* _Requirement_:
For the data that follows, return each line unchanged and drop the pictures.

Top of Data supplied

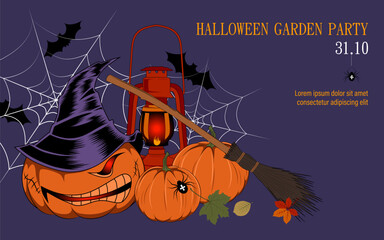 Vector image of a banner with pumpkins for Halloween.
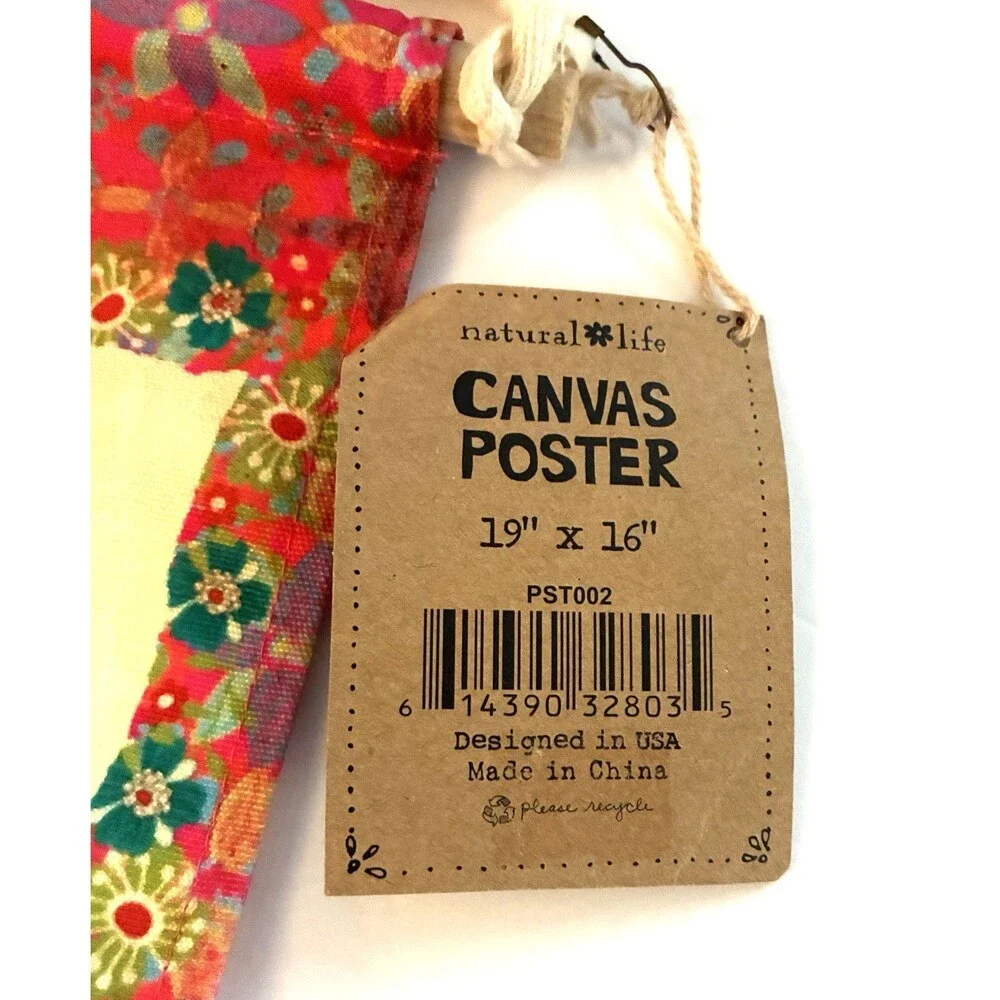 NWT Natural Life Canvas Wall Hanging 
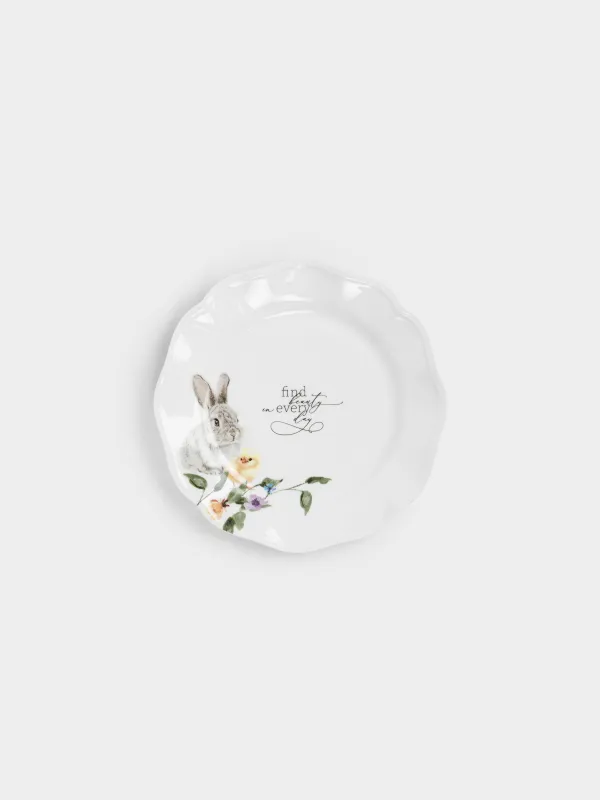 Тарелка закусочная, 19 см, фарфор N, белая, Кролик и цыпленок, Rabbit Easter, image-0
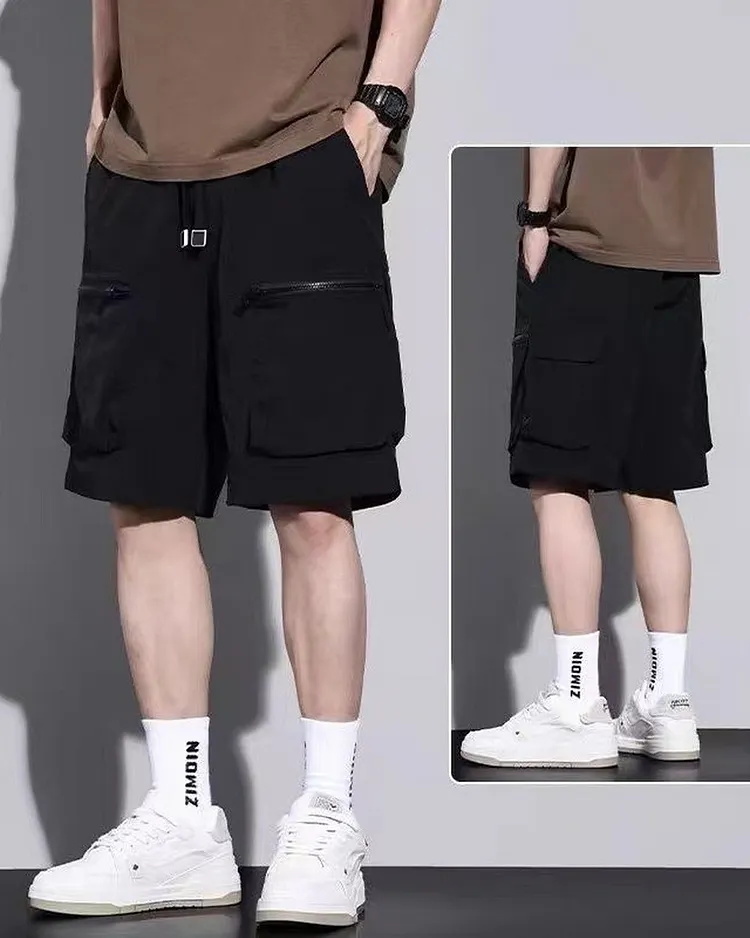 Loose Fit Cargo Shorts with Multiple Pockets and Drawstring Waist for Summer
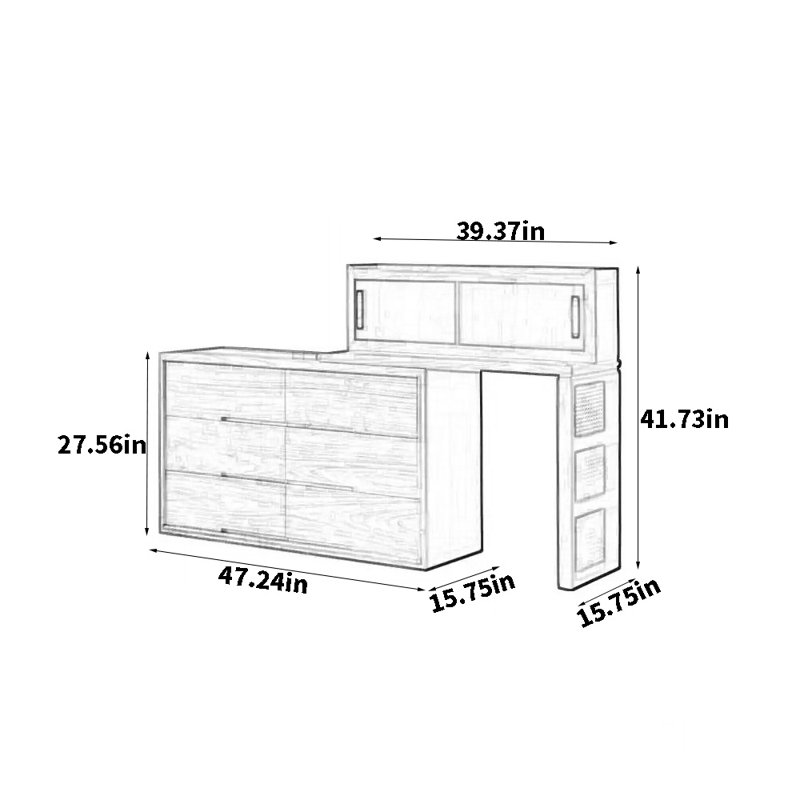Commode rétro vintage, Brun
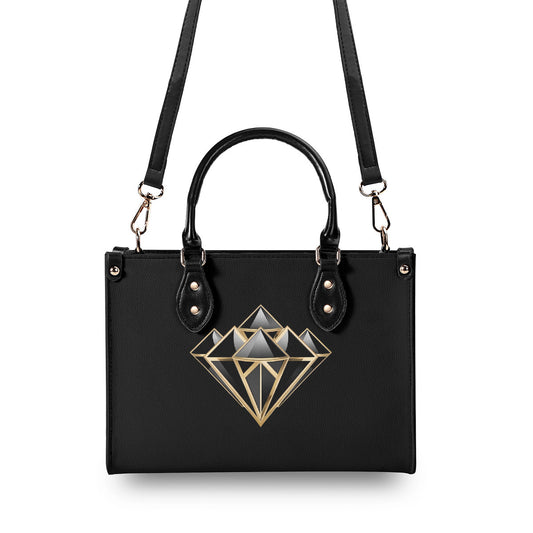DonRucci Diamond Leather Handbag Black
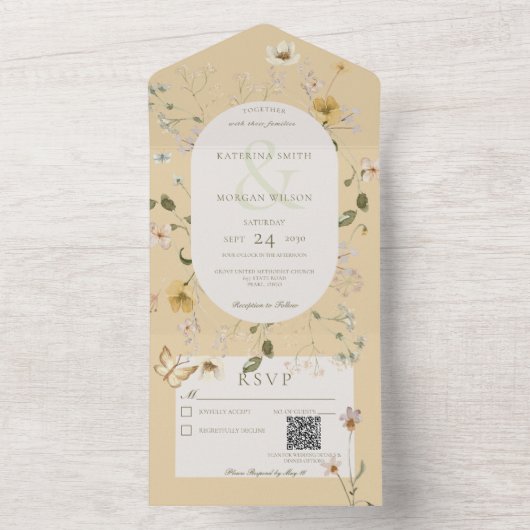 Rustige Wilde Lijst - Gele QR-code All In One Uitnodiging (Binnen)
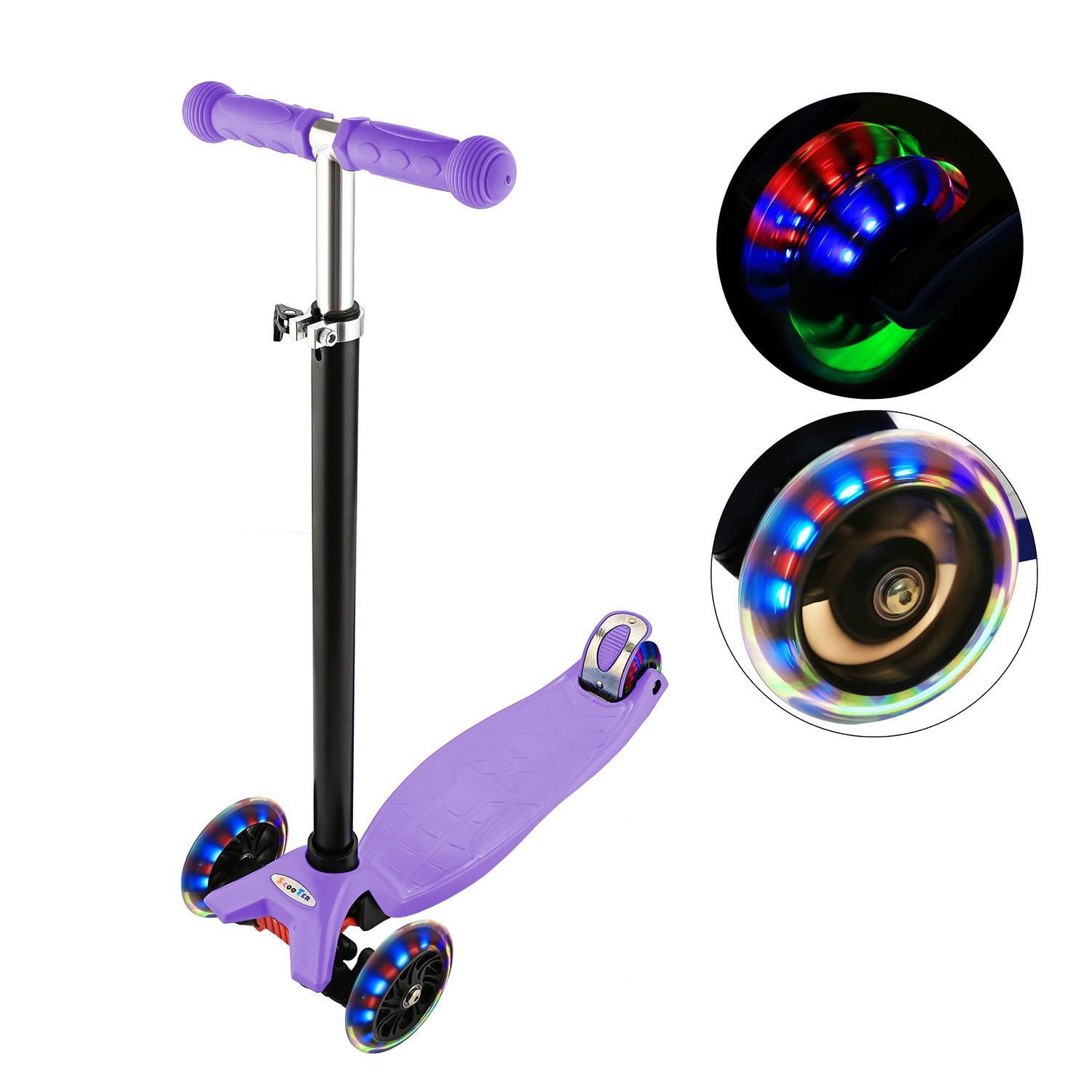 3 Wheel Kick Scooter 4 Adjustable Height T-bar Push Kick Scooter For Children Outdoor
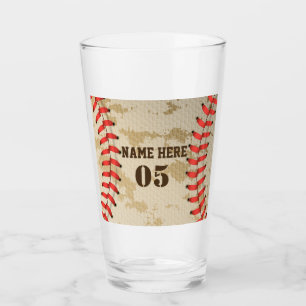 Personalized Vintage Baseball Name Number Retro Glass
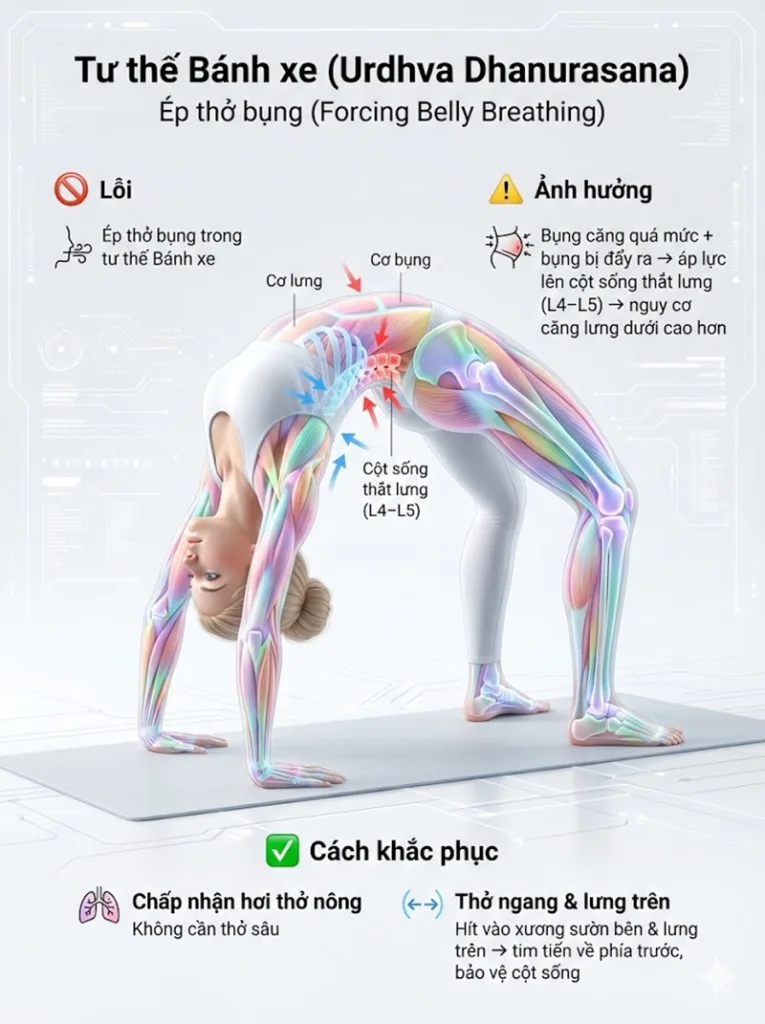 lỗi Cố hít vào bụng quá nhiều tư thế bánh xe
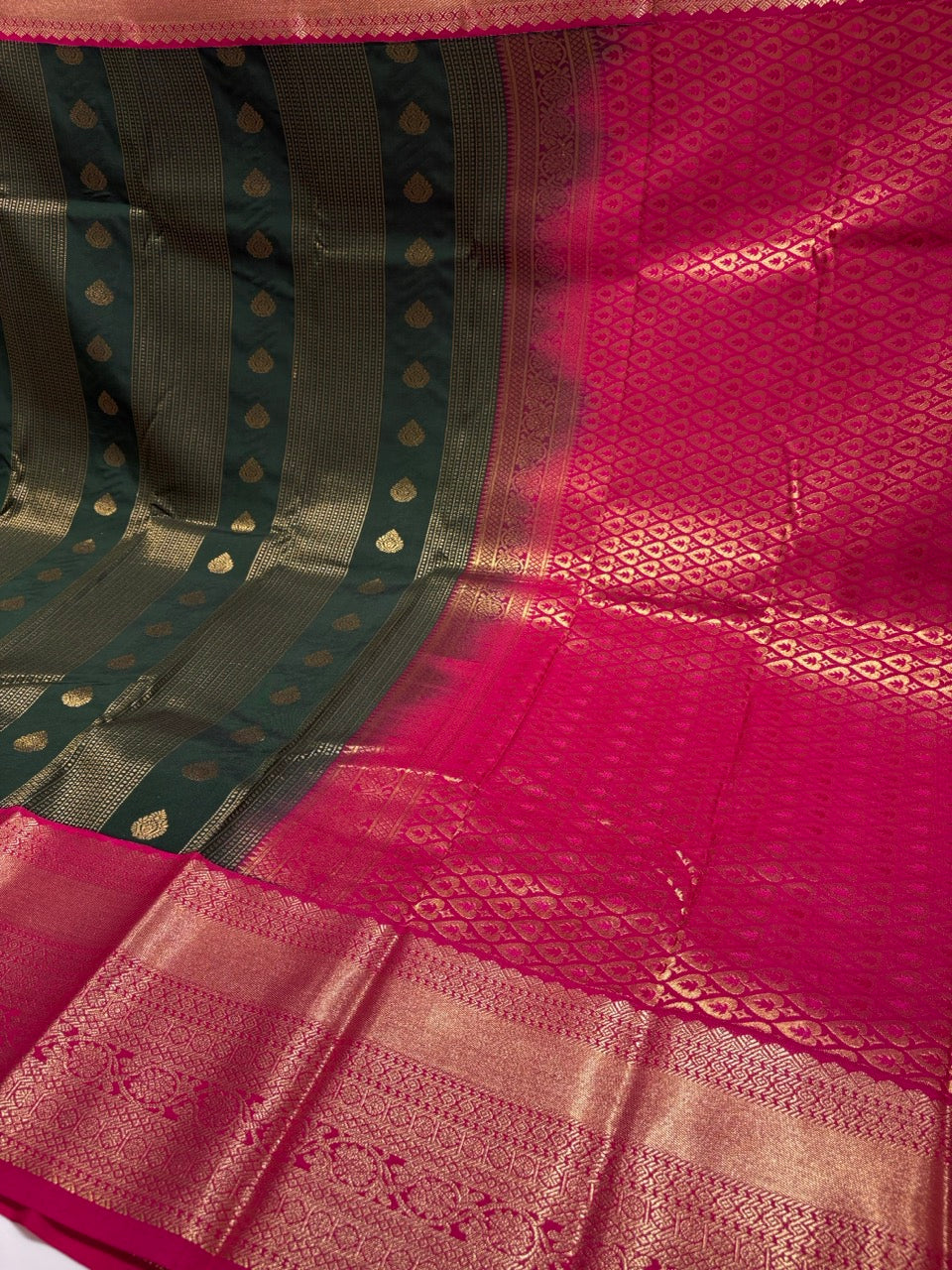 Bottle Green Colour Semi Silk Saree with Magenta Pink Border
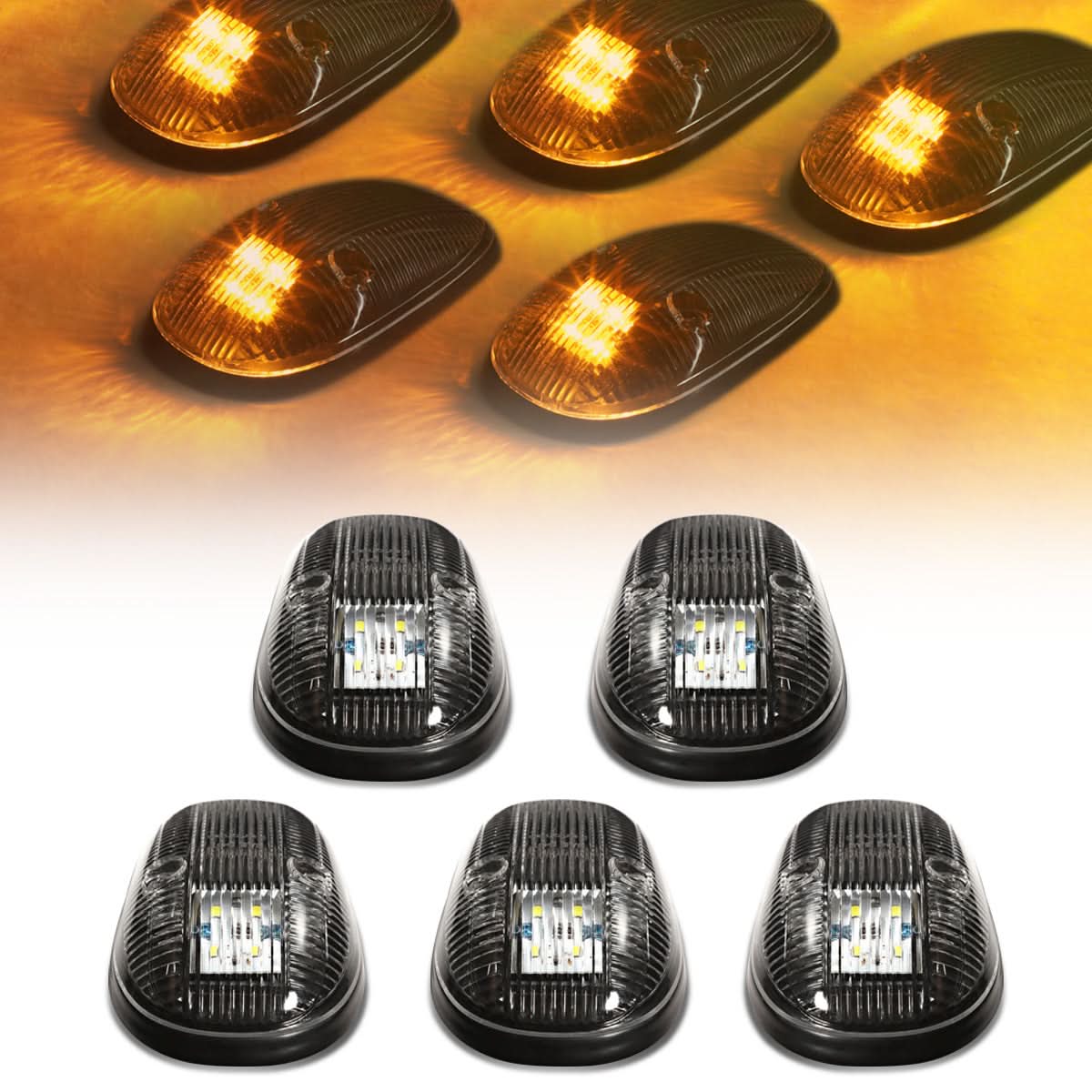 1999-2002 Dodge Ram 2500/3500 Cab Light - Black Housing Amber LED - Image 2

Bottom of Data supplied

* _Problem solution_:
 Vector image of a banner with pumpkins for Halloween.
 NWT Natural Life Canvas Wall Hanging 
 Тарелка закусочная, 19 см, фарфор N, белая, Кролик и цыпленок, Rabbit Easter, image-0
 Loose Fit Cargo Shorts with Multiple Pockets and Drawstring Waist for Summer
Commode rétro vintage, Brun
DonRucci Diamond Leather Handbag Black
 Rustige Wilde Lijst - Gele QR-code All In One Uitnodiging (Binnen)
 3 Wheel Kick Scooter 4 Adjustable Height T-bar Push Kick Scooter For Children Outdoor
 Personalized Vintage Baseball Name Number Retro Glass
 lỗi Cố hít vào bụng quá nhiều tư thế bánh xe
 Bottle Green Colour Semi Silk Saree with Magenta Pink Border
 1999-2002 Dodge Ram 2500/3500 Cab Light - Black Housing Amber LED - Image 2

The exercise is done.